At the broadest level, when the Saudis in Riyadh look at the Middle East around them, they see a region spiraling out of control. Since 2011, they have witnessed a massive increase in general instability across the region, with "the people" increasingly willing to protest or even overthrow their rulers. The complacency and popular "inertness" that categorized the Arab populations for decades is gone. That clearly worries the Sauds, the kingdom's ruling royal family, who have always preferred a docile populace.

Civil wars are raging in Syria, Iraq, Yemen, and Libya, spilling refugees, terrorists, armed militants, and powerful, radical ideas over onto their neighbors. Already, spillover from these civil wars has created nascent civil wars in Egypt and Turkey.

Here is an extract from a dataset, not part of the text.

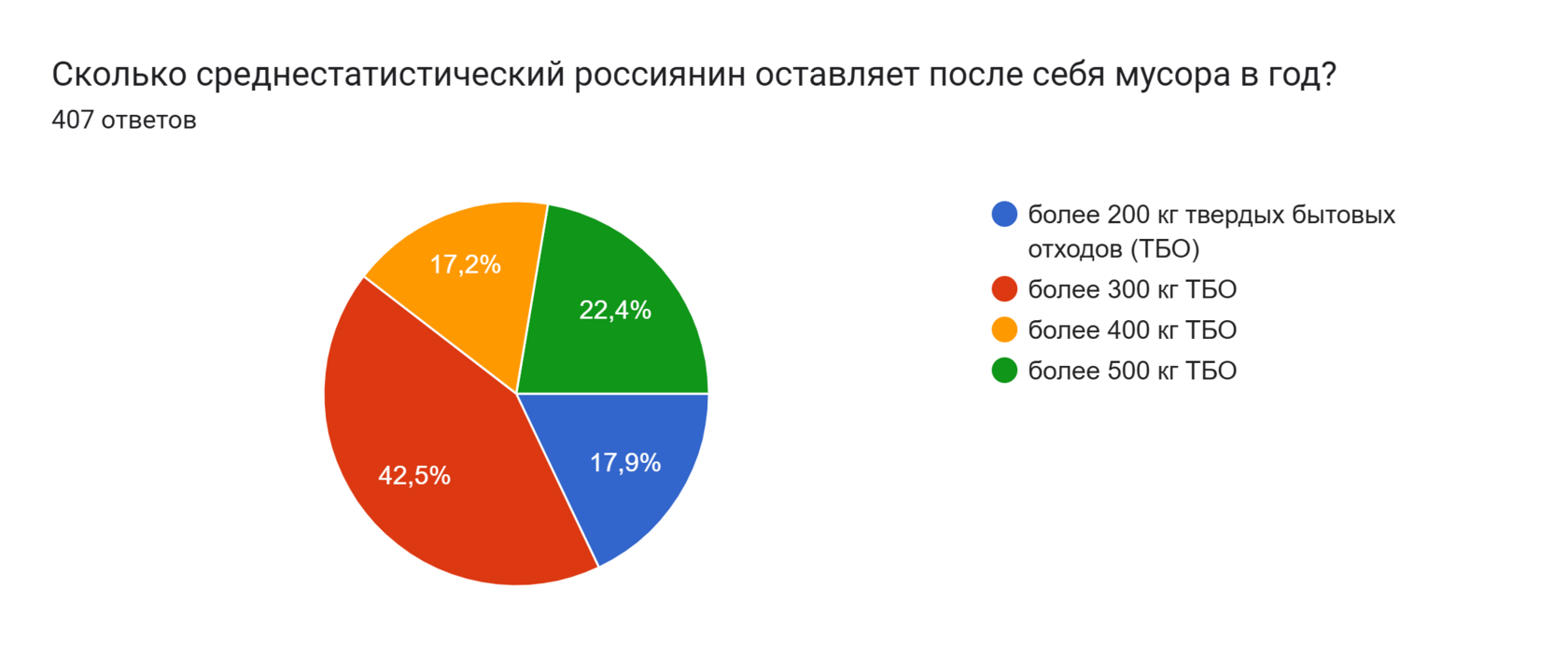 Диаграмма ответов в Формах. Вопрос: Сколько среднестатистический россиянин оставляет после себя мусора в год?
. Количество ответов: 407 ответов.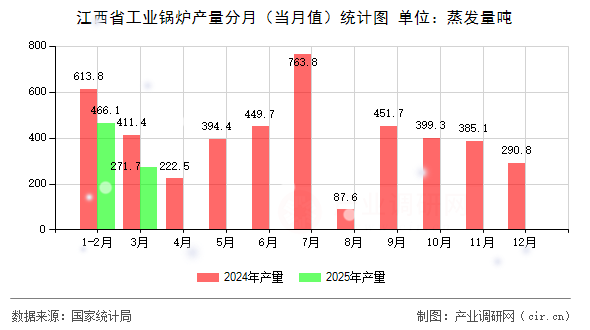 江西省工業(yè)鍋爐產(chǎn)量分月（當(dāng)月值）統(tǒng)計(jì)圖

It is eroding the stability of Lebanon, Jordan, Algeria, Tunisia, and even Kuwait. It has also created vast new opportunities for Iran to destabilize and rearrange the region to suit its own interests.

Indeed, both the civil wars and the spillover they generate have also produced a general mobilization of the Middle East's Shiites, instigated and led by Iran. And that includes the Shiites in the Saudi kingdom. Officials in private and press reports occasionally note that hundreds of Saudi security service personnel have been killed and wounded in operations in the Eastern Province, the home to the vast majority of the kingdom's Shiites. Americans tend not to pay attention to these operations because we see them as proof that the Saudis have things well in hand; but another way to look at it is that the Saudis are fighting pitched battles with someone in the cities of the Eastern Province. In other words, there seems to be a much higher degree of mobilization and violent confrontation among the Saudi Shiites than most realize.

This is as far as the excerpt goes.